Short story by Ursula Vernon

"Jackalope Wives" is a 2014 fantasy short story by Ursula Vernon, combining the legends of the swan maiden and the jackalope. It was first published in Apex Magazine and has been reprinted in the collection Jackalope Wives and Other Stories. One of the characters, Grandma Harken, is the protagonist of another award-winning story by Vernon, "The Tomato Thief."

==Synopsis==

When a young man accidentally mutilates a jackalope wife, his Grandma Harken takes charge of her.

==Reception==
"Jackalope Wives" won the 2014 Nebula Award for Best Short Story, and the 2015 WSFA Small Press Award, and was nominated for the 2015 World Fantasy Award—Short Fiction. As well, an analysis at Io9 indicated that, if not for the Sad Puppies ballot-manipulation campaign, "Jackalope Wives" would have been a finalist for the 2015 Hugo Award for Best Short Story.

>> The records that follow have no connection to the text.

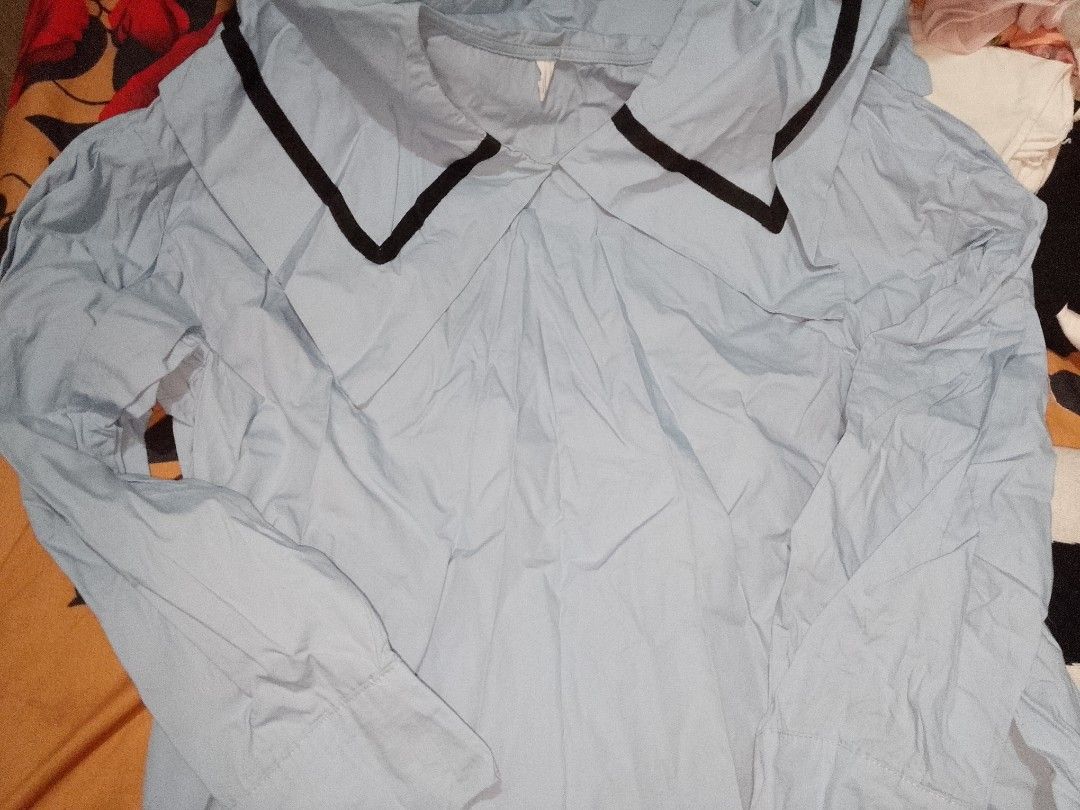 Light blue long sleeve blouse with sailor collar size S (Category: Longsleeves) located in Manila. Submitted by sevianna (Listing ID 1470652128, Image 1). Description: - Color: Light blue small - medium preloved.
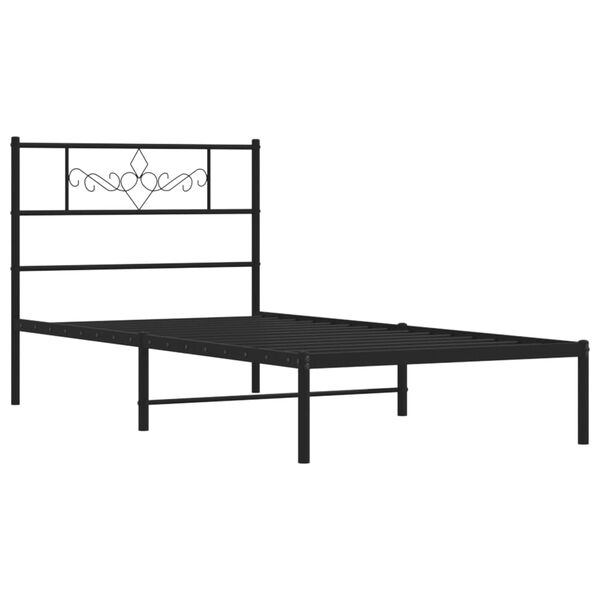 vidaXL Cadre de lit m&eacute;tal sans matelas avec t&ecirc;te de lit noir 80x200 cm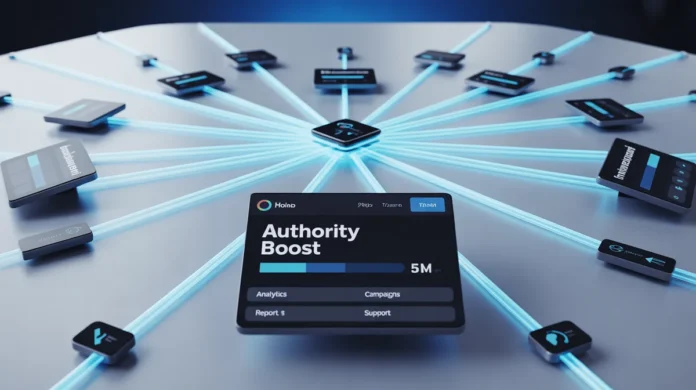 A network of glowing links boosting a central website's authority.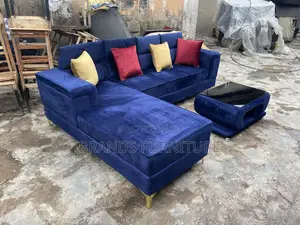 Quality Blue Sofa Lshap With Center Table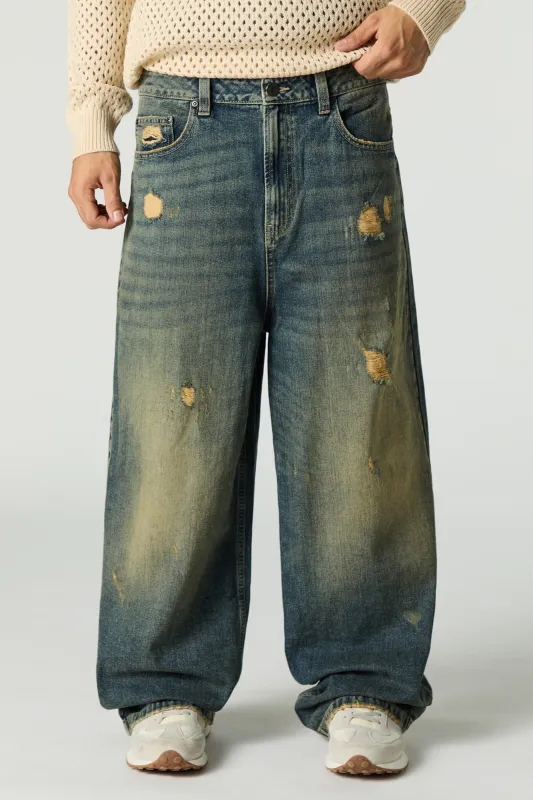 Vintage Wash Distressed Ultra Baggy Jean sold by Urban Planet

Tor.com called it "soulful" and "extraordinary", praising Grandma Harken as a "captivating protagonist". At Locus, Lois Tilton commended Vernon's "(f)ine prose imagery and dialogue, strong characters, (and) neat invented folklore". Strange Horizons noted that, by basing the story on "a piece of inauthentic kitsch", Vernon avoided issues of cultural appropriation.